Neglect surface preparation:

One of the most critical steps in gluing glass is ensuring the surfaces are clean and free from contaminants. Glass is often coated with oils, fingerprints, or dust. If not properly cleaned, these residues can hinder the adhesive’s ability to bond effectively. To prepare the surface, clean it thoroughly with 99% isopropyl alcohol. Let it dry completely before applying adhesive. To ensure all moisture has been removed, heat the glass.

Move the pieces while curing:

Prepare a fixture or jig to hold the glass in place while the glass glue is curing.

Select the wrong adhesive:

Select a UV curable adhesive designed for glass. Consider the ideal viscosity, appearance, flexibility, and thermal stability. Glass expands and contracts with temperature changes. Therefore, if the adhesive doesn’t accommodate these movements, it can lead to stress and eventual bond or glass failure.

Choose the wrong light source:

Ensure the UV light source wavelength is appropriate for the selected glass glue. Check the adhesives technical datasheet for appropriate wavelength ranges.

Forget to do a test run:

Practice dispensing the adhesive. This applies to both manual and automated dispensing.

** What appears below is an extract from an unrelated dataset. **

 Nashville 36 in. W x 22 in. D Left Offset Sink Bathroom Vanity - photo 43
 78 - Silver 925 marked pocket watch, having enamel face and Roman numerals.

Try different size tips on the bottle or container to ensure a controlled amount. Adjust time and pressure of automated equipment, etc.

If applying to a pre-assembled piece, ensure the adhesive wicks into the entire bond area. If applying the adhesive to one piece of glass and then assembling, ensure no air is entrapped.

Be prepared for spills. UV adhesives are easy to clean up before they are cured.

Skip testing:

As with any industrial process, thoroughly test the bond for strength, environmental, and temperature resistance. Glass has unique properties that make accelerated aging testing especially important. These tests will not only validate the adhesive and lamp selection but also the surface preparation and curing schedule.

Keep in mind most glass bonds are stronger than the surrounding glass. It is important for those planning to test to failure to protect themselves from broken glass.

Ignore safety precautions:

Always wear appropriate protective gear when handling glass, adhesives, and UV light. Ensure adequate ventilation in the workspace for the adhesive choice.